Даль едет по степи к героям своей казахской повести; их зовут Бикеем и Мауляной. Даль много о них знает и все, что знает, расскажет читателям: в повести откроется для них Казахстан первой трети девятнадцатого столетия. Но повесть не только Казахстан: в ней, пусть в плотном кольце этнографических подробностей (иначе Даль не был бы Далем!), живут и действуют люди верной любви — тоже казахские Ромео и Джульетта, не старинного предания герои — Ромео и Джульетта девятнадцатого столетия.
…Раскаленными золотыми слитками тлеют в костре кизяки. В котле, черном от копоти, дымится похлебка — ее заправят скобленым куртом, сухим овечьим сыром. Пузырятся турсуки, сшитые из конской шкуры меха, — они полны кумысу; кумыс хорошо пьется, помногу вселяет в тело легкость, приносит веселье, потом — крепкий сон.
Вокруг юрты висит в воздухе привязчивый запах шкур: жеребячьи шкуры вымачивают в квашеном молоке, проветривают, смазывают бараньим салом, коптят, проминают; из них шьют ергаки — тулупы; из козьих шкур выделывают тонкую, мягкую кожу — сафьян. Собирают марену — желто-зеленые цветки на граненом, шероховатом стебле; цветы и стебли никому не нужны, дорог мареновый корень: в нем прячется знаменитая красная краска. Корень можно толочь или крошить, однако лучшим красителем считается корень жеваный; созывают гостей жевать корень. Выкрашенный сафьян ярок, как раскаленный кизяк в костре.

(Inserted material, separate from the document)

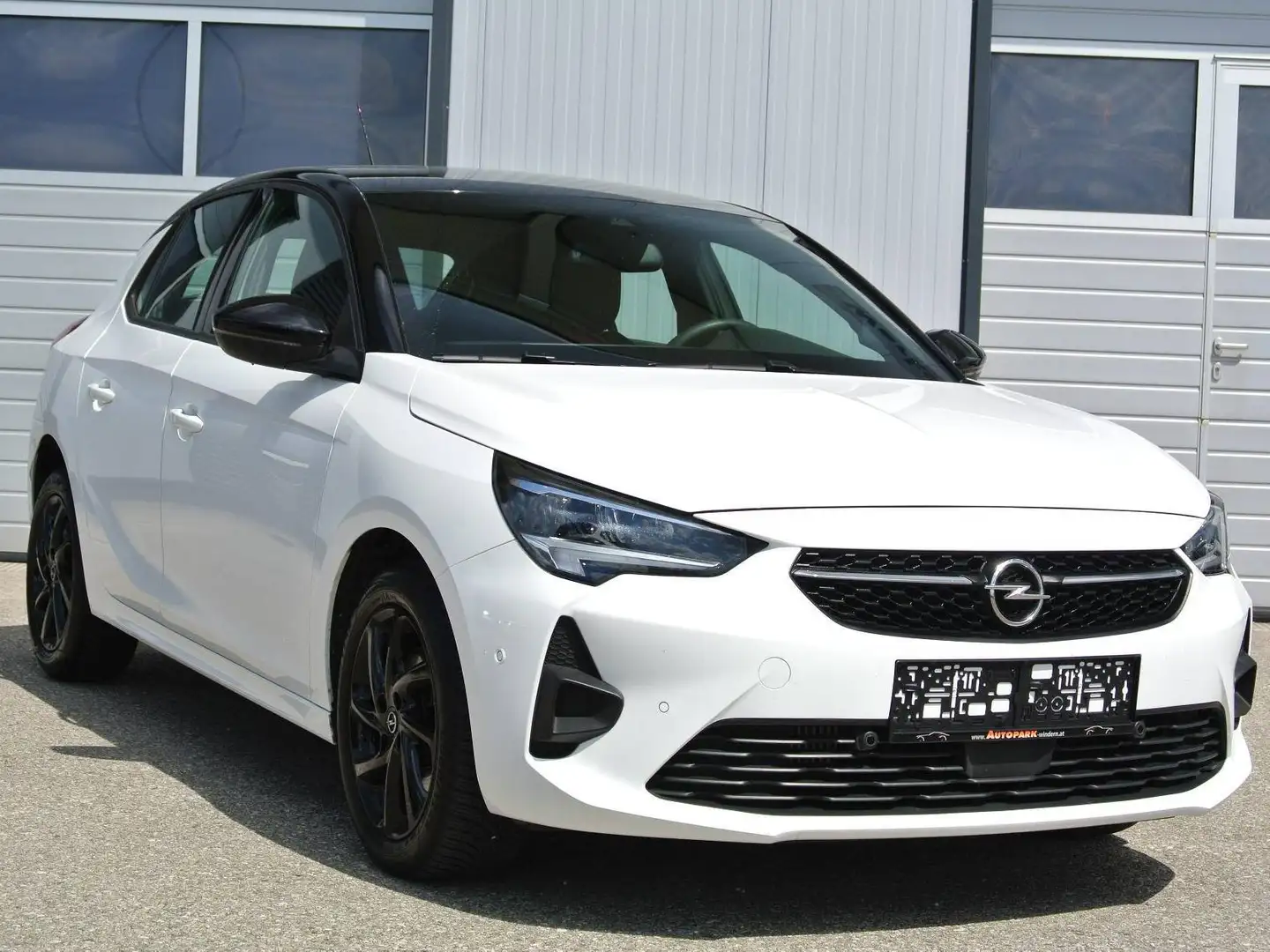 Opel Corsa 1.2 Aut. **GS-Line** NAVI * KAMERA * PDC * Keyless Weiß - 1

Ночью в ровной степи огоньки костров видны очень далеко; нетрудно обмануться — долго-долго ехать на огонек. Казахи советуют: «Не ходи на огонь, иди на лай собак»; лай собак — признак близкого кочевья. Если вечером выехать из аула — все наоборот: лай собак скоро стихает в ушах, а звезды костров еще долго смотрят вслед всаднику; потом и они тают в черной ночи. Конь идет небыстрой рысью, расталкивая темноту; а по горизонту, справа, слева, вокруг — рыжей полосою стелется зарево. Это степные палы — пожары: жгут старую траву, из расчищенной, удобренной золою земли молодая зелень пробивается скорее и гуще. Рассветная заря, по-степному размашистая, заливает небо; рыжая полоска, опоясавшая горизонт, быстро тускнеет; в солнечный знойный день пламя степного пожара прозрачно, невидимо.